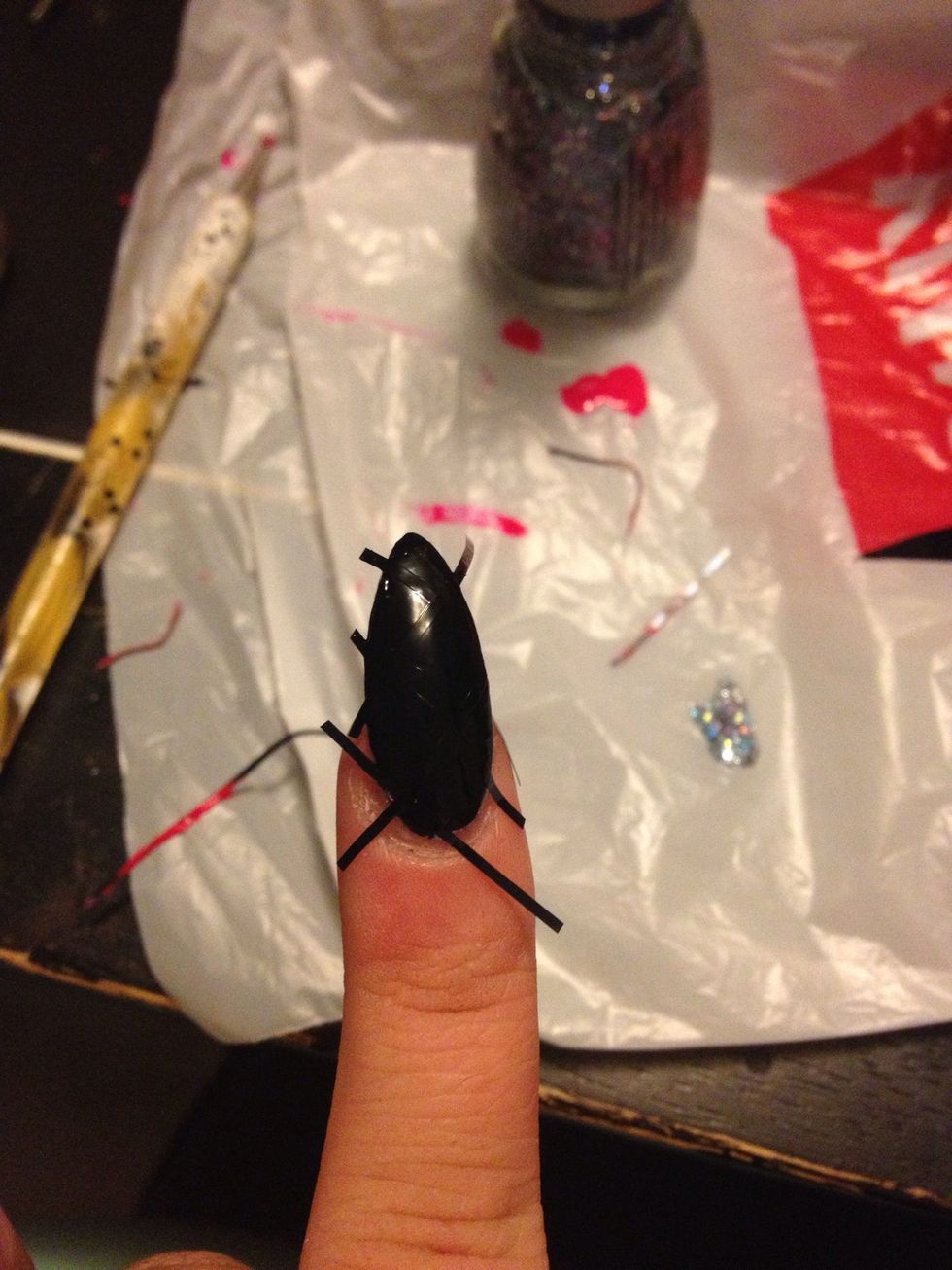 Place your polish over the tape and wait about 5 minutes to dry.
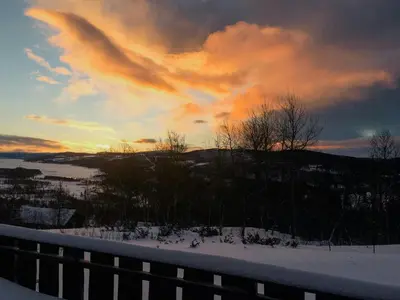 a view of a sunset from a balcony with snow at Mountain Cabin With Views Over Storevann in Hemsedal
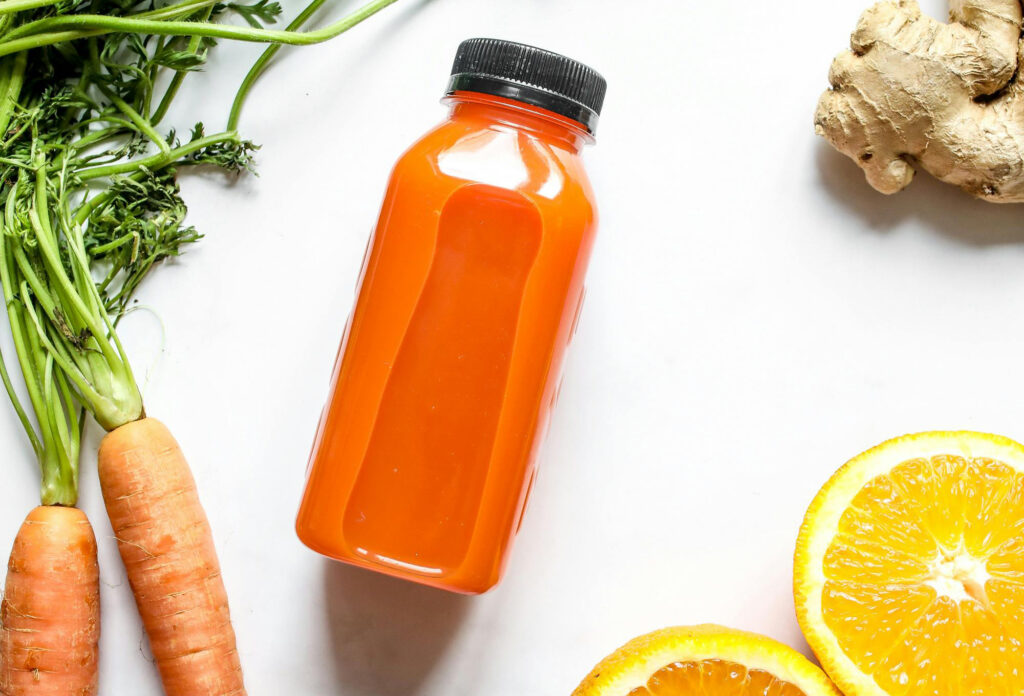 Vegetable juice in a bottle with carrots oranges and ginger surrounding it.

EXERCISE INSTRUCTIONS> Give back an exact copy of only the lines from the one with "a view of a" through the final line of the material, both included. Pictures do not belong in it.

ANSWER SECTION>
 a view of a sunset from a balcony with snow at Mountain Cabin With Views Over Storevann in Hemsedal
 Vegetable juice in a bottle with carrots oranges and ginger surrounding it.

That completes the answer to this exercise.